ABD’nin faizi artırdığı bir ortamda dolara dönmek matematiksel olarak daha doğru olduğu için herkesin dolara koştuğuna da işaret eden Leblebici, “Euro-dolar paritesi biraz daha aşağı gelebilir ama bir süre sonra dengeyi sağlaması gerekir. Euro’nun alıcısı satıcısına göre daha az çünkü Avrupa’nın şu anda bir hikayesi yok. Bir takım datalar daha iyi gelmeye başladığında o zaman piyasa euro’nun değerlenmesini herkesten önce fiyatlar. Paritenin, 1.0’in altına gitmesi fazla satış gibi olur diye düşünüyorum. Bakarsınız 0.80’e gider ama datalar o kadar kötü gelmeye devam edebilir ki o zaman 0.60’a gittiğini de görürsünüz. Bunu şu anda söylemenin imkanı yok” ifadelerini kullandı.
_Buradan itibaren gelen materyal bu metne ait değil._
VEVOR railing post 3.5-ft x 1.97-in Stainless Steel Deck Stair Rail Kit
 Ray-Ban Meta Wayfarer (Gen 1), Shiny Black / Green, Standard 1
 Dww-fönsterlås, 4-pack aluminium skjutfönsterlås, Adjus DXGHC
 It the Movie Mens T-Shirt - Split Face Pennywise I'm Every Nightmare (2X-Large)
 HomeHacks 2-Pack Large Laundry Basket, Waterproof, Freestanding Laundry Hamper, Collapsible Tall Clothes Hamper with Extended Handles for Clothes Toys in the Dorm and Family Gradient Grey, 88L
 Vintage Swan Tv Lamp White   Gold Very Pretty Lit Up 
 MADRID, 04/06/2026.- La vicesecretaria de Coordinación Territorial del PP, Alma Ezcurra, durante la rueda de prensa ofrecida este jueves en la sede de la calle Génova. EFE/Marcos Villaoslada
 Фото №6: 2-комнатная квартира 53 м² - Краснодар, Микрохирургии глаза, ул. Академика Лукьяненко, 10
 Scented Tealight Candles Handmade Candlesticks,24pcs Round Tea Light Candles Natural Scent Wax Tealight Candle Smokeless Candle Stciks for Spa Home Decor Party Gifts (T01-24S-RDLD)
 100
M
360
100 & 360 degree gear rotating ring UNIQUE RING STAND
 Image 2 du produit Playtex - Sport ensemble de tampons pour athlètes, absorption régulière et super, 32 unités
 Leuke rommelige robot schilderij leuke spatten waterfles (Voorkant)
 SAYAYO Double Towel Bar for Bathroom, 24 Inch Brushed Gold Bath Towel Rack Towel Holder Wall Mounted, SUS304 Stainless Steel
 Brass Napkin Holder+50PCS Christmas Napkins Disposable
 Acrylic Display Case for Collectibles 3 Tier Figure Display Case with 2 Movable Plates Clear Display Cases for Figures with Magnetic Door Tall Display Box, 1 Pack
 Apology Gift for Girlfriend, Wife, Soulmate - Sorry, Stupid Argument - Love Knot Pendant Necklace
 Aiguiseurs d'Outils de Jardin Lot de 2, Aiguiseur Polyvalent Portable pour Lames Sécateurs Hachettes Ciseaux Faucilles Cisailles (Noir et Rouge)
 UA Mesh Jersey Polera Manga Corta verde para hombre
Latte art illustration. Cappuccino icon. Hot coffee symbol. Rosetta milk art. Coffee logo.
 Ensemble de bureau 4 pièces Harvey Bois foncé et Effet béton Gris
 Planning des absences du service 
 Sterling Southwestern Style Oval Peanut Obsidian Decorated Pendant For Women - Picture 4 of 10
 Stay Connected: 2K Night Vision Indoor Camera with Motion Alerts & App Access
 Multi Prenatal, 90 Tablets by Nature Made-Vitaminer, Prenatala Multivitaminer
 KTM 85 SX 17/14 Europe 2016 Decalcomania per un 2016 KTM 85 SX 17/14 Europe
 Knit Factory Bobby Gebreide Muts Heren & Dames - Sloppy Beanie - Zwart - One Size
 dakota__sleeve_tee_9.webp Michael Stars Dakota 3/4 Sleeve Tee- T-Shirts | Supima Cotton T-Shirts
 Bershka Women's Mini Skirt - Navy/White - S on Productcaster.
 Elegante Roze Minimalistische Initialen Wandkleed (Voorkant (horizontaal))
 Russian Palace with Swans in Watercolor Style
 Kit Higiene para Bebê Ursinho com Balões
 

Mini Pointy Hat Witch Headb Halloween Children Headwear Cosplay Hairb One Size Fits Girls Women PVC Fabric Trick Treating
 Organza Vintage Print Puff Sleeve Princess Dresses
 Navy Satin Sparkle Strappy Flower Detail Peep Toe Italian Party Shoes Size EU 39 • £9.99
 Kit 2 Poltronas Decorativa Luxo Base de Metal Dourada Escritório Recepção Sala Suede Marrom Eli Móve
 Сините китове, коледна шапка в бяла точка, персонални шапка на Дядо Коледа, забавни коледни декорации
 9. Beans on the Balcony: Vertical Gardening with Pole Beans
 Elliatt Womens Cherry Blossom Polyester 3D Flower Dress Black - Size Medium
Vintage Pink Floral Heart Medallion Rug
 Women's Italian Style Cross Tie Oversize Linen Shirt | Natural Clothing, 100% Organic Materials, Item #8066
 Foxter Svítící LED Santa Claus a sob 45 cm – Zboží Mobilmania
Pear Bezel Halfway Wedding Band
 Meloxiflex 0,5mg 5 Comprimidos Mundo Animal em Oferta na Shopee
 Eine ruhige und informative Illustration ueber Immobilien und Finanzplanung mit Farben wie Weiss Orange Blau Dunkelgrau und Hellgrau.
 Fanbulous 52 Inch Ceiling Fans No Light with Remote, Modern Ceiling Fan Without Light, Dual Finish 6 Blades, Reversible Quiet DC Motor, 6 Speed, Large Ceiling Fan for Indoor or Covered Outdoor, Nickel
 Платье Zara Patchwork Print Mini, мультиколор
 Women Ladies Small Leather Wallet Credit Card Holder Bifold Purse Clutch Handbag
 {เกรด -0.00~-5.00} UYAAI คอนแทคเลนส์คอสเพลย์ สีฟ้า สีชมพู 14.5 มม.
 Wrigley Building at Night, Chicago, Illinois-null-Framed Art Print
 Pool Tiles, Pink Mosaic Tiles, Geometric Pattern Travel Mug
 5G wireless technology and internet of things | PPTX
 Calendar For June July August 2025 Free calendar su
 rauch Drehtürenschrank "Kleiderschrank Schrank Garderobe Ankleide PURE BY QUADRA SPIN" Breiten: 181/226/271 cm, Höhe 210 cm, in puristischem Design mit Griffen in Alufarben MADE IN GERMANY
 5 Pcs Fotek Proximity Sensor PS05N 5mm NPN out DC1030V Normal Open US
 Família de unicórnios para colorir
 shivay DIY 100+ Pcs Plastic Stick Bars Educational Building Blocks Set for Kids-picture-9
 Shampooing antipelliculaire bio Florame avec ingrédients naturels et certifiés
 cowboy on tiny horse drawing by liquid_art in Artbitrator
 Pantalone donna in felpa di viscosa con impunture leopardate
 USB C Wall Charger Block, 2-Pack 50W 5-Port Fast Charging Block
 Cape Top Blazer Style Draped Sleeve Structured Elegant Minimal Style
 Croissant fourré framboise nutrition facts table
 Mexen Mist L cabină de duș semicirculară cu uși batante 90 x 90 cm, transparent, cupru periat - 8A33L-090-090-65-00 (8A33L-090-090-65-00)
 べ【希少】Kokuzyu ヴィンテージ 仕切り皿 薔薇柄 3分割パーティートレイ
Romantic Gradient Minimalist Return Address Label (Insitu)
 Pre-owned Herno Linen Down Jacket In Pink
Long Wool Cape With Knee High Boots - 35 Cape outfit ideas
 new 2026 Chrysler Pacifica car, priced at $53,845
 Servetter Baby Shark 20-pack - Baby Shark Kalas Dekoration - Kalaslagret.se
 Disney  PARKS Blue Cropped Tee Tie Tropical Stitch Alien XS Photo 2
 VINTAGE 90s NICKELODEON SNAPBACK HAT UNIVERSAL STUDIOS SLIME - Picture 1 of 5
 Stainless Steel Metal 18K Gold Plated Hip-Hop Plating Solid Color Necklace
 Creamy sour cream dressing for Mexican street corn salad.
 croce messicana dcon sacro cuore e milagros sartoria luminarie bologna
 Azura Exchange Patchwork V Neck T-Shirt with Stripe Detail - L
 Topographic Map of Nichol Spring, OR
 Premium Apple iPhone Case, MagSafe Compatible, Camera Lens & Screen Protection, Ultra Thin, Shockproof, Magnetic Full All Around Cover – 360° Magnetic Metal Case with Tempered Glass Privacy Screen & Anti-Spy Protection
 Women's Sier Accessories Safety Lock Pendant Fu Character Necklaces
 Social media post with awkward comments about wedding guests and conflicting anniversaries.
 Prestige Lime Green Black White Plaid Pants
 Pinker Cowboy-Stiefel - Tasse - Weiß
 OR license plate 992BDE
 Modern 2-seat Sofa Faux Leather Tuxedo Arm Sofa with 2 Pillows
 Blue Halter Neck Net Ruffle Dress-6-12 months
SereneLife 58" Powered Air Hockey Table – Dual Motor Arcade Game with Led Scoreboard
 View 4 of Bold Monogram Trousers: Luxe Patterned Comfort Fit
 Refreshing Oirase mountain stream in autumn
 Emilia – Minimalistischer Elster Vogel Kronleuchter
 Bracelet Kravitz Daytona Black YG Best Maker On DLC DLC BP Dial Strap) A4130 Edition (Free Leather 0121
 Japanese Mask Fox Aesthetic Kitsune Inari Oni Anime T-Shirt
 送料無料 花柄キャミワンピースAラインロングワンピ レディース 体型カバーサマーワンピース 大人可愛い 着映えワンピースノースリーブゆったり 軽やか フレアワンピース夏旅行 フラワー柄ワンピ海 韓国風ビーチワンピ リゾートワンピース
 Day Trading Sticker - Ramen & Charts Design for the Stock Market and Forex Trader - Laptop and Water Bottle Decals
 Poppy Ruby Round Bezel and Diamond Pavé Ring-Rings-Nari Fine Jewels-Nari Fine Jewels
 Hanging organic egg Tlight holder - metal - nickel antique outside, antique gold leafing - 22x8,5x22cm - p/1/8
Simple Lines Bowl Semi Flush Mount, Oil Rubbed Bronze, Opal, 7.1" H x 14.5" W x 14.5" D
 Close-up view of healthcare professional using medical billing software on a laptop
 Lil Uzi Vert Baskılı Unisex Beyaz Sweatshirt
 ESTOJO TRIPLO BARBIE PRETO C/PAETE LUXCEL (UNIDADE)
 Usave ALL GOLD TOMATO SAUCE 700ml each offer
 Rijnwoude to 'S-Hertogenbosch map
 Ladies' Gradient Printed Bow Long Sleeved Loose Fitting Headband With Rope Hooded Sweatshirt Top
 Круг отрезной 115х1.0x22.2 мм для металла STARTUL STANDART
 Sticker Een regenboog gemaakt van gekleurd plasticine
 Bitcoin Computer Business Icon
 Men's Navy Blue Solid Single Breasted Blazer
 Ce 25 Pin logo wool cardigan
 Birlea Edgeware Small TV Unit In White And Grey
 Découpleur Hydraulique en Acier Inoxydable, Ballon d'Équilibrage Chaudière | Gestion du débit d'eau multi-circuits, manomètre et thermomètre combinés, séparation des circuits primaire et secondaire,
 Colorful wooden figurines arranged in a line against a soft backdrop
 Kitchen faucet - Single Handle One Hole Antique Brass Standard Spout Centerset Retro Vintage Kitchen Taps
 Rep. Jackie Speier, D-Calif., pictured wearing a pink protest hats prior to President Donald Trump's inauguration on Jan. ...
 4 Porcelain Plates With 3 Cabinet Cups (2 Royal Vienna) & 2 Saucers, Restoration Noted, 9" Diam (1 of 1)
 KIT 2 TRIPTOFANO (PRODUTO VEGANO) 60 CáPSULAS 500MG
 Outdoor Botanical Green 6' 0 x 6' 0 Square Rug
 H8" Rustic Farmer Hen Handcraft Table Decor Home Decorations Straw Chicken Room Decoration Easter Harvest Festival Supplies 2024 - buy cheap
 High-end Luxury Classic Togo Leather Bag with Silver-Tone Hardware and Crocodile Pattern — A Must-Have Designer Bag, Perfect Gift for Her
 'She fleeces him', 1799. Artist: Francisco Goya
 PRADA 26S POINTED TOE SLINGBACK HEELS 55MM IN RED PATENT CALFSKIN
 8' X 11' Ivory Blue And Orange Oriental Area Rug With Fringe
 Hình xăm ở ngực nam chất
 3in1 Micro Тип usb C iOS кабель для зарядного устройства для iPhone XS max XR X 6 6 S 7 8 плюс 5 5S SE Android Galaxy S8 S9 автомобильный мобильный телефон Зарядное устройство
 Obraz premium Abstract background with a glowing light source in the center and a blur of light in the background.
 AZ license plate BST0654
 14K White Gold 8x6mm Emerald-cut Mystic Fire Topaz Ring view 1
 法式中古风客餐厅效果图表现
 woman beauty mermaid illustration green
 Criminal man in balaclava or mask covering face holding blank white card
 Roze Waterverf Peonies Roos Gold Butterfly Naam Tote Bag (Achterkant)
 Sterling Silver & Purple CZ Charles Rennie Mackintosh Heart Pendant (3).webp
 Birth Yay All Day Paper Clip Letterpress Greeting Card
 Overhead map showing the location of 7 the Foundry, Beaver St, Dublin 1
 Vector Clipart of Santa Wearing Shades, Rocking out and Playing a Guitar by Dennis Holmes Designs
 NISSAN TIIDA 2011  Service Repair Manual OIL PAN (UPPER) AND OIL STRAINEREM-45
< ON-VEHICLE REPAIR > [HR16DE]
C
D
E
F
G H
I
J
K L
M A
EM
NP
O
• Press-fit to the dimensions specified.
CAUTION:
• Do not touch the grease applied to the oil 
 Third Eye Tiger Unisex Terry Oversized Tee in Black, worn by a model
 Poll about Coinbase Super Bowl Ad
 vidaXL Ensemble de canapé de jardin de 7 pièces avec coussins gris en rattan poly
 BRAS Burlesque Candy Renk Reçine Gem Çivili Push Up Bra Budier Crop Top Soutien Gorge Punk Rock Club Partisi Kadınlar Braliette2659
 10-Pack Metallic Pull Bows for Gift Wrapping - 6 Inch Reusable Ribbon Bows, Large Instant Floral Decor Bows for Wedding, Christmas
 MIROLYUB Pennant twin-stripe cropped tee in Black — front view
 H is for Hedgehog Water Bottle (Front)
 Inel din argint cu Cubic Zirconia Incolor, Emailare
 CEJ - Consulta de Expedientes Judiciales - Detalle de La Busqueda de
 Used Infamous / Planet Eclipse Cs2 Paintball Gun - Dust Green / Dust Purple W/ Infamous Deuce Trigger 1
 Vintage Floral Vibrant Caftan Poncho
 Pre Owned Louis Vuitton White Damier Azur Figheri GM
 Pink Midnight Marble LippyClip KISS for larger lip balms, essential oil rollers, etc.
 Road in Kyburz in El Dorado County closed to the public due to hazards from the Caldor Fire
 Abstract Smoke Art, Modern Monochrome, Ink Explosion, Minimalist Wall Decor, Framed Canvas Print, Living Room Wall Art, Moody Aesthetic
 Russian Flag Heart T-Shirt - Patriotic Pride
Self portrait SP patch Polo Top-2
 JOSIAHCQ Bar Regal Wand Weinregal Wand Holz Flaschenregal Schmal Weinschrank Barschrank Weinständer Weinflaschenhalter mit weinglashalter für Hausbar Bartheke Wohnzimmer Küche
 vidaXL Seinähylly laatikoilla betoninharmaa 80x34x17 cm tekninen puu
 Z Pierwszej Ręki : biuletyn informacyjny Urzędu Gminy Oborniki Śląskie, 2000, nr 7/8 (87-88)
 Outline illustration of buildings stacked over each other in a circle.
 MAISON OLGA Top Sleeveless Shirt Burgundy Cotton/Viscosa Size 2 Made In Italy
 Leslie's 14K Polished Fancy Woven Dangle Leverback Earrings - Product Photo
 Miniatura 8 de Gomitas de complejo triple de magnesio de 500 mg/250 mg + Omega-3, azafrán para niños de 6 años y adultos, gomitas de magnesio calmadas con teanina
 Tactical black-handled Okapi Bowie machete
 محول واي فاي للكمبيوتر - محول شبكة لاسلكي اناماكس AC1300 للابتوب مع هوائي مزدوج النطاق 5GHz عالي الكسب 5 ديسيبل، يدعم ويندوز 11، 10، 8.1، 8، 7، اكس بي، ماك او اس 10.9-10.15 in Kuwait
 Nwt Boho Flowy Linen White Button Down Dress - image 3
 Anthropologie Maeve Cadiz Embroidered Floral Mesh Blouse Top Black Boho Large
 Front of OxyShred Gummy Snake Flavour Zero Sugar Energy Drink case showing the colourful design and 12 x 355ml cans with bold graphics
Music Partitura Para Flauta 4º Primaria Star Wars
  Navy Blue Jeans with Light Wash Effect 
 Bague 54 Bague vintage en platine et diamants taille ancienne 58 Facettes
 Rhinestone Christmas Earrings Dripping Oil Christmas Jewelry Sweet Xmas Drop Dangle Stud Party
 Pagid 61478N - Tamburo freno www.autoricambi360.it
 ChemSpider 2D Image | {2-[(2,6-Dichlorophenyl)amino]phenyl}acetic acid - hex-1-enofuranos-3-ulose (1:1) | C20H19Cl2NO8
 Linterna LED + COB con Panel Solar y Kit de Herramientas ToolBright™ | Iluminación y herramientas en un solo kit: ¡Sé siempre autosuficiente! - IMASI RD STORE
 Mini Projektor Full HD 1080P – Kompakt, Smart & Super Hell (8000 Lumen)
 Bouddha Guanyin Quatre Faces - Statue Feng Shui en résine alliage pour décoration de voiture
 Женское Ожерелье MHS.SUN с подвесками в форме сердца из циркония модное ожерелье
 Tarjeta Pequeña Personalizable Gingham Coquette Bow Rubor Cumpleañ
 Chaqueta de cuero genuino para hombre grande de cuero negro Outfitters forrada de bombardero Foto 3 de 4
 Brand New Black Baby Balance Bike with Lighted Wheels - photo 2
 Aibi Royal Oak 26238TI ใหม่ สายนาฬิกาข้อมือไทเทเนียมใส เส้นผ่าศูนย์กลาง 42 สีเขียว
Herkes ne olduğunu anlamaya çalışıyor
Kredi talebinde çok olmasa da düşüş var. 2001 kriziyle kıyaslanacak gibi değil. Onun şiddeti 100 ise bunun şiddeti 10. Doğal olarak herkes ne olduğunu anlamak istiyor" diyen Ümit Leblebici, şöyle devam etti: "Cirolarda düşme var ama bundan 14-15 ay önceye gittiğinizde aklınıza Rusya'da böyle bir gelişme olacağı gelir miydi? Kırım ya da IŞİD gibi bir olayın olabileceğini bilebilir miydik? Dış alemde bizi çevreleyen yerlerde durum farklı. Olaylar bizi etkiliyor ve ihracat pazarları daralıyor. Kısmen kalıcı gibi de görünüyor. Buna adapte olmak lazım. Sanayi üretiminin düşmesinin nedeni dış pazarlardaki daralma. Avrupa daha hızlı toparlanırsa offset etmeye başlayacağız. ABD daha hızlı toparlanırsa orada avantaj sağlayacağız."